I get how a person can theoretically find their sweet spot of stress in the workplace and operate on a more centered, grounded frame of mind. But I have to be perfectly honest with you: I don’t know if I can compute my own sweet spot of stress for the internet.
As is the case with alcohol, physical exertion, heat, or what have you, we’ve all got our own, unique thresholds for stress. And, our bodies react accordingly.
Drink too much and you’ll have a splitting headache the next day. Lift too heavy at the gym and you’ll pull a muscle. Spend too much time in the sun and you’ll get burned. Well, I’ve spent too much time on the internet now and I’ve gotten burned out.
What I’m struggling to do is find my healthy baseline. My sense of equilibrium in the ever-flowing, cursive waves of digital debates.

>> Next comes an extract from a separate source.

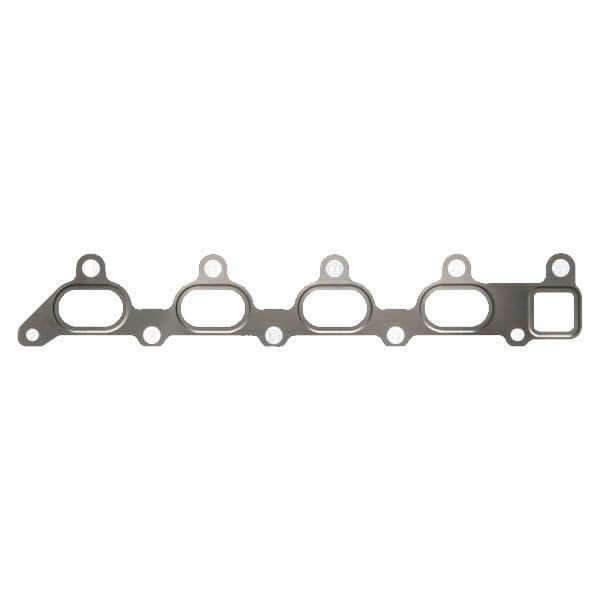 Opel Astra G 1.8 Z18XE Egzoz Manifold Contası Victor Reinz Marka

I can give myself a regular dose of escapism but much of my work is online, many of my friends are best contacted online, and many sources of niche interests and entertainment are online. The internet groomed any sense of normalcy out of me from a young age.
My generation toys with tech resistance. We know deep down that we weren’t built for the stimulants we’re fed like pigs being raised for slaughter.

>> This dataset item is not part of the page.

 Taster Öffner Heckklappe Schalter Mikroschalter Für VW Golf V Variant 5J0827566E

We can turn our phones off and go on a walk, we can connect with our friends over a pint of beer or mug of coffee, but no matter how much we cut down on tech we inevitably have to go back. We can take extra, deep breaths to engage our senses while cooking a fragrant, delectable meal or soak up all the sensational sounds of music we’re listening to live.
Still, we have to go back.
I wish I had a positive note to end on, an uplifting bit of advice for how I’ve overcome discourse burnout and re-emerged a refreshed woman excited by all the chitter chatter online.
But in all honesty, I have no fail-safe strategies to share today. All I have is this brief confessional – if you’re also depleted by cheap spectacles, you’re not alone.